* **Provided records**
◇ ◇ ◇ ◇
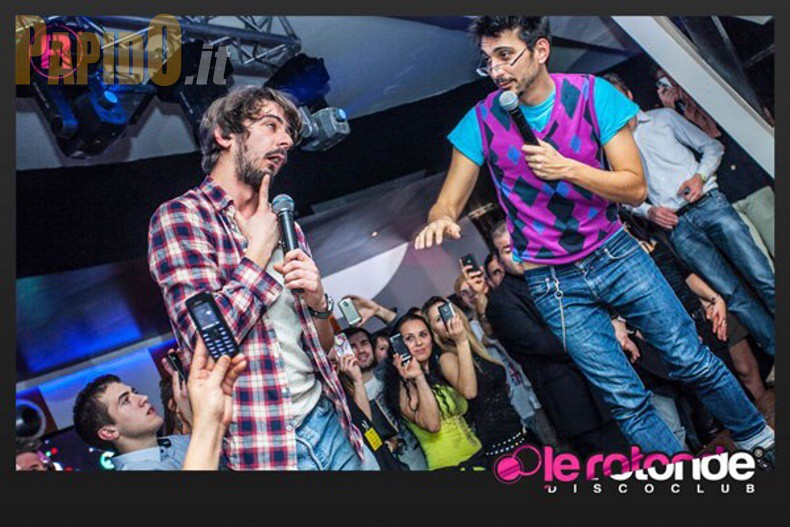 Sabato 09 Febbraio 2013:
◇ ◇ ◇ ◇
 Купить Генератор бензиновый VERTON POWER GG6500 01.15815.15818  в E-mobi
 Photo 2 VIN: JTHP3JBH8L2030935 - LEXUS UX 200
◇ ◇ ◇ ◇
* **Work required**
The response should hold exactly the lines starting at the line with "Купить Генератор бензиновый" and ending at the line with "Photo 2 VIN: JTHP3JBH8L2030935", and no other line of the material above.

* **Solution for this task**
 Купить Генератор бензиновый VERTON POWER GG6500 01.15815.15818  в E-mobi
 Photo 2 VIN: JTHP3JBH8L2030935 - LEXUS UX 200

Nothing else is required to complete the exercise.